Wood works with players on and off the pitch – she posts “Conscious Monday” videos for her athletes, which range from elementary school students to professionals.
She and her personal trainer, as she writes on the Academy’s website, how she wanted to be coached – “with encouragement, information and belief.”
Initially, she wanted the Academy to be “by women, for women”. But Wood, now 31, says the older she gets, the more that perspective has changed. It now has three men on staff and three women.
“I coach boys and girls,” said Wood, “but mostly these girls, what I want them to see is that they can be trained by a man and that man won’t yell at you. . He will not take advantage of you. He will not cross personal boundaries. He will not follow you on social media. We have a very strict policy on social media and texting due to the ease with which these children are now available. “
Wood recognizes that a lot has to happen before the ideal environment she is trying to create becomes a reality in sports.
She and other reformers agree there needs to be better regulation in the highly unregulated coaching profession. There needs to be a more effective, robust, comprehensive and responsive abuse reporting system than what currently exists. And more good people need to be in positions of power. Women and men who will hold individuals, teams and organizations accountable.
Professor Bartlett says the power imbalance between athletes and coaches must also change. Especially at this level of youth where most of the problems start.
Parents, Bartlett says, can play a huge role in empowering coaches, who many parents believe hold the key to their child’s success.
“We are even seeing parents allowing coaches to be violent towards their children, verbally abusive,” Bartlett said. “Clear as day on the sports fields, where parents will overtake and their child will come off the field and [the parents] say “why didn’t you listen to the coach? The coach told you to do this. Why did you drive the trainer crazy? Instead of saying “hey, it was really inappropriate that the coach spoke to you that way”. Where we have parents who somehow perpetuate [the problem] and give coaches even more power to keep doing what they are doing. “
As possible fixes are released, a real-time change experience is underway.

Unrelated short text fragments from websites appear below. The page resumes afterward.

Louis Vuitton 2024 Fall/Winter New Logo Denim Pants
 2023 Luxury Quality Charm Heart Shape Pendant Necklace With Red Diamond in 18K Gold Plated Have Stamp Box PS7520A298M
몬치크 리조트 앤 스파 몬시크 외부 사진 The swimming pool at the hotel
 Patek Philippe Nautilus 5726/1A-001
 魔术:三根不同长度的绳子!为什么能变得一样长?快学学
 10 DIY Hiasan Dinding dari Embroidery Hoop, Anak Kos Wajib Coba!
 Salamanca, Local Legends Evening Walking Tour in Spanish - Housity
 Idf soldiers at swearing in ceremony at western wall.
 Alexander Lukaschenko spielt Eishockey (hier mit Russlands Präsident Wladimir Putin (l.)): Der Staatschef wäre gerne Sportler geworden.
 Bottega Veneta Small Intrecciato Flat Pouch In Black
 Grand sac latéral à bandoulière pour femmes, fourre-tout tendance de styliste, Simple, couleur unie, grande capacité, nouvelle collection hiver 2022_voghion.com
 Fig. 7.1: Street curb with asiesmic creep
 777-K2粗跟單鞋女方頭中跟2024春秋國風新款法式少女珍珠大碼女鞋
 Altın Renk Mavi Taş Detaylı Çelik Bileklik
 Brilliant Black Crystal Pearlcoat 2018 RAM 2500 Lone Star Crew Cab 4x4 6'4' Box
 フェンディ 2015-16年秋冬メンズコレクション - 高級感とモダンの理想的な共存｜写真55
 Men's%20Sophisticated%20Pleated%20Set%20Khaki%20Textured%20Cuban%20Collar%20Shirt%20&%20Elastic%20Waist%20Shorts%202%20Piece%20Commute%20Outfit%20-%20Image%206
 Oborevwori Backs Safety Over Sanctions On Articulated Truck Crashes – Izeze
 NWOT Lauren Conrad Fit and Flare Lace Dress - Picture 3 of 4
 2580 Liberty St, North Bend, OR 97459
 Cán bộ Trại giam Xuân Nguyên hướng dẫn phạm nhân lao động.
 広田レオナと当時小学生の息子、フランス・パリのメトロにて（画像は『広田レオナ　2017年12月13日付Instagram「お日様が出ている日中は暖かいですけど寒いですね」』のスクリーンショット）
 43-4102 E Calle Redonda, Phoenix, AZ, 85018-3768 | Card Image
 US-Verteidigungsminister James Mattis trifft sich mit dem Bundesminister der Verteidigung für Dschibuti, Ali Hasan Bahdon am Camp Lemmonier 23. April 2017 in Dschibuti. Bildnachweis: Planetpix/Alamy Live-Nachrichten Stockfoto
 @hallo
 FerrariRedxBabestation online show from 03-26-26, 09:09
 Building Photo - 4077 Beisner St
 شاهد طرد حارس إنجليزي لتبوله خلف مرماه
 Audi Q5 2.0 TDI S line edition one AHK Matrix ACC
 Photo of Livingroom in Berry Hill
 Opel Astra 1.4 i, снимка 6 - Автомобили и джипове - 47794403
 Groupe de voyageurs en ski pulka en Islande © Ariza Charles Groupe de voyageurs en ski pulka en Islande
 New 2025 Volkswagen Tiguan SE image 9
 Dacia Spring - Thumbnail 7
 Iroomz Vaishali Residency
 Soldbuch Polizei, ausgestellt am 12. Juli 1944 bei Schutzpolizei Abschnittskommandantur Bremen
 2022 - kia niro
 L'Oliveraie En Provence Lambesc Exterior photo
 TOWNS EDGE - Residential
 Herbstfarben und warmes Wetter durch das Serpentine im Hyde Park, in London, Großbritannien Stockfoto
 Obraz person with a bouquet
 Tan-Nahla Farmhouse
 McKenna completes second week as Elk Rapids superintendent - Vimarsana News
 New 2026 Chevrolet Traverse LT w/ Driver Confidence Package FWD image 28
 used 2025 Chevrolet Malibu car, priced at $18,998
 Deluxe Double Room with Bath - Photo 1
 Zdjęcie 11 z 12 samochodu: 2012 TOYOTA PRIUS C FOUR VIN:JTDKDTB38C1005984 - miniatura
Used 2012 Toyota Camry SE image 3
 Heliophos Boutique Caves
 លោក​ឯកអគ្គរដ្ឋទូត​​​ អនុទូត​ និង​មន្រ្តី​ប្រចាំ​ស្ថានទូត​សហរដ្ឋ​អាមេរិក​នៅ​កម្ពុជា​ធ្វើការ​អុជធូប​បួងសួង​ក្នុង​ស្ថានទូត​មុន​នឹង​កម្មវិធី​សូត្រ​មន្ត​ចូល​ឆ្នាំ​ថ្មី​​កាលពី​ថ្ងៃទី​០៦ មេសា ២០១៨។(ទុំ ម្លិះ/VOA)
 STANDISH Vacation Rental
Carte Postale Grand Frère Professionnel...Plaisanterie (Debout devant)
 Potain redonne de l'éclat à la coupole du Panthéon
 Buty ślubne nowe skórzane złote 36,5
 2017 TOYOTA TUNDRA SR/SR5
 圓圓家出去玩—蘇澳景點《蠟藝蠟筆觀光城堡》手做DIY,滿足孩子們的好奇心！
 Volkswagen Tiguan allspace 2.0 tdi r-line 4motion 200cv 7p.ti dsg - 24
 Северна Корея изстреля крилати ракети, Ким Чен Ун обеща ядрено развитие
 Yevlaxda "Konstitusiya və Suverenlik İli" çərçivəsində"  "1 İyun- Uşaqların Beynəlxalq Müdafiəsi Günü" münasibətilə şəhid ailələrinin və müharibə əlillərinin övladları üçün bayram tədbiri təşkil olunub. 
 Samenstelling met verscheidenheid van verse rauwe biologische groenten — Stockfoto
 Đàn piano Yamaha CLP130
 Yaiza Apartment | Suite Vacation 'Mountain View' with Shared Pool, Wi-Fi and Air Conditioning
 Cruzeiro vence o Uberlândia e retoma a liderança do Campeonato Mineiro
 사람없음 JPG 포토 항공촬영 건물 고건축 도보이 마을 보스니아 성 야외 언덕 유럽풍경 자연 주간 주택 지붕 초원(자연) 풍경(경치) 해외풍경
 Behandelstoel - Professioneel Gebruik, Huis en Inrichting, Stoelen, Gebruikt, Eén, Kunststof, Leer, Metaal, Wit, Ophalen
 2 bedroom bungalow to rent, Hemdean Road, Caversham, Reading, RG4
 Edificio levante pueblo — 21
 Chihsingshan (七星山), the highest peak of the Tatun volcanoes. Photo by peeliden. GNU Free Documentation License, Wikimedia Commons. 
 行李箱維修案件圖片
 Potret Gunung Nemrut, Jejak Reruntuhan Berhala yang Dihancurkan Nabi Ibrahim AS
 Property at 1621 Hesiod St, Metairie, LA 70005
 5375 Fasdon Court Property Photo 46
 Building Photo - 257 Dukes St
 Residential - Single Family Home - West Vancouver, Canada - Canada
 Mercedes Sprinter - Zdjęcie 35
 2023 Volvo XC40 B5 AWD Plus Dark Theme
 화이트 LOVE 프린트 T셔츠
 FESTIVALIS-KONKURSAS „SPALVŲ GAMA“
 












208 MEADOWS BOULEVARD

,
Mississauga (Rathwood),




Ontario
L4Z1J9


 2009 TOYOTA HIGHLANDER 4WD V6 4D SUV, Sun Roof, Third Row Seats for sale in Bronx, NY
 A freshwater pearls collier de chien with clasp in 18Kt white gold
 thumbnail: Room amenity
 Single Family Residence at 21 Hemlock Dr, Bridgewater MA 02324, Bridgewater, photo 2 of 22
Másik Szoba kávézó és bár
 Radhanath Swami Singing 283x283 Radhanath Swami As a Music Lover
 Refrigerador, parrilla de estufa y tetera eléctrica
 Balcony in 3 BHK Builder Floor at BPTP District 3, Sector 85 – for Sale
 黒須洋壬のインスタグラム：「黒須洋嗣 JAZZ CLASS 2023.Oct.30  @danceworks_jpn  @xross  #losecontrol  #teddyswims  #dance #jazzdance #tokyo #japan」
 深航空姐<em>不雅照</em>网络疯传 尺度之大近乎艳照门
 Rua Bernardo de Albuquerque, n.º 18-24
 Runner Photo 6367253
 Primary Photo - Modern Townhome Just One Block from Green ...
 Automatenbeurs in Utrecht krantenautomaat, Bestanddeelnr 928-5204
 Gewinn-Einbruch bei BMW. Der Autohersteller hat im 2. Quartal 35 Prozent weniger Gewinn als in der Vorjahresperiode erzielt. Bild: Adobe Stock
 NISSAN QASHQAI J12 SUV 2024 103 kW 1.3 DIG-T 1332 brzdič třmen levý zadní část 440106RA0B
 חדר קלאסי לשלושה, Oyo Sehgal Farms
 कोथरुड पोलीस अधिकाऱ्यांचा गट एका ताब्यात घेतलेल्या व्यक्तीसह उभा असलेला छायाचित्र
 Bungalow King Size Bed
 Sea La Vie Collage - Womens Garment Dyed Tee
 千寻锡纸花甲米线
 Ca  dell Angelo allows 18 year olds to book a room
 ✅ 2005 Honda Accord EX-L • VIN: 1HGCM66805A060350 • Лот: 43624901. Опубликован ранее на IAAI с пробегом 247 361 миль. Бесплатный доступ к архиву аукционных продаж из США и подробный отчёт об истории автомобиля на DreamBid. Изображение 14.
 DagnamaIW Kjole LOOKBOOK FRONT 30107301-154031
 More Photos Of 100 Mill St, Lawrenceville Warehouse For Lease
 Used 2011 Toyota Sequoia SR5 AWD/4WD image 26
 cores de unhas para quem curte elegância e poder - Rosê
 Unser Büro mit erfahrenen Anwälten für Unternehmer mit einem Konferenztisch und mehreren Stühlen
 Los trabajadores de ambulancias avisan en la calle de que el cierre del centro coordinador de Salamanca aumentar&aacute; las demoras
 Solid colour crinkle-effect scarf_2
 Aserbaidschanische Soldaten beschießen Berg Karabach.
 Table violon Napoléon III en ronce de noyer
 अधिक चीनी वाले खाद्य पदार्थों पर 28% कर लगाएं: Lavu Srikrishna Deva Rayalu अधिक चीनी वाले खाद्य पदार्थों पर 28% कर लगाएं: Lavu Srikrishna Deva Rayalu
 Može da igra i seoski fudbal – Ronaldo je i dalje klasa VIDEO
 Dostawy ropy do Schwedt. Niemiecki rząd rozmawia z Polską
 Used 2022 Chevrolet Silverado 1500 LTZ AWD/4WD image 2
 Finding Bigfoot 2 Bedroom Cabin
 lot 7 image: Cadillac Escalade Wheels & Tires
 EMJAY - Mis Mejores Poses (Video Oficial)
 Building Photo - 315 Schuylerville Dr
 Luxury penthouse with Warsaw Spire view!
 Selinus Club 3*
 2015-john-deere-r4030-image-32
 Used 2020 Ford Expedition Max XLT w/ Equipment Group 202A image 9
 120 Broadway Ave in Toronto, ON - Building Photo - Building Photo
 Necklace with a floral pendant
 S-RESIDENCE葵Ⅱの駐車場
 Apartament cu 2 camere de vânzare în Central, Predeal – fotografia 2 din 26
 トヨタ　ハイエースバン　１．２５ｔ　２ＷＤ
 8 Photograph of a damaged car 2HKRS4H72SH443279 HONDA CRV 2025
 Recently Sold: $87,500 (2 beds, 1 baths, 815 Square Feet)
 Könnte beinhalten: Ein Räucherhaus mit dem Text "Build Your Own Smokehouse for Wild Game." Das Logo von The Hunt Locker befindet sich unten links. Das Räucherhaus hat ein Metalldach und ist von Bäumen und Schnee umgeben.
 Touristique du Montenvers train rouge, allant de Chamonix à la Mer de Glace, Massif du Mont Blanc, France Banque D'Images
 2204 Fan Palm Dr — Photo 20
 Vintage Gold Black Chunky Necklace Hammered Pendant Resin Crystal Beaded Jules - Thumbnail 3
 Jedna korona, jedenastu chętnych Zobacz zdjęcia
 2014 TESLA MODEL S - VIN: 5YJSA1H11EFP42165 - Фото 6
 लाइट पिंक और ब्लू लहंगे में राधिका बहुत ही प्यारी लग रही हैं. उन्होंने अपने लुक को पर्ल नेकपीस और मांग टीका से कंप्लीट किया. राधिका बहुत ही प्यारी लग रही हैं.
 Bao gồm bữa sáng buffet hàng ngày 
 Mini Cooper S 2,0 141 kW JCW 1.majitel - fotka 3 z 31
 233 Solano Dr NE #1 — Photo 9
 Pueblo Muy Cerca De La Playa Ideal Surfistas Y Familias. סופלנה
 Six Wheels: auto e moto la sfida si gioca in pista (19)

Energized by a possible change, but still suspicious
NWSL teams are gearing up for next month’s playoffs – at the same time, work to fix the league’s issues continues.
The players’ union, the NWSLPA, says it and the league are making progress in resolving a list of demands made by players after the abuse scandal erupted. The requests include full and broad investigations into the allegations of coaching abuse and the league’s handling of those allegations.
The last of the eight requests was for players to have a say in the selection of a new full-time NWSL commissioner, replacing Lisa Baird, who resigned amid the scandal.
In an email to NPR, NWSLPA Executive Director Meghann Burke said the NWSL “has agreed to fully comply with our 8e request, which means that players will have the opportunity to meet the candidate commissioners and will have a meaningful opportunity to be heard. “
Players talk about having a voice, having power, having the financial resources to protect themselves – which means better wages.
Many are energized, but still wary of a league which they say has downplayed and even ignored years of player abuse.
“I know there are a lot of things that need to change,” said Alex Morgan, a star of the U.S. National Team and a member of the NWSL’s Orlando Pride, “but we need to start building that trust and at this point, it’s just not there yet. “
Yet Rachel Wood says the movement NWSL players are creating gives people the courage to come forward and shine the spotlight on the abuse.
There’s a long way to go, she says, but the culture is changing. And move, she hopes, to a time when those who have suffered in silence will no longer have to do so.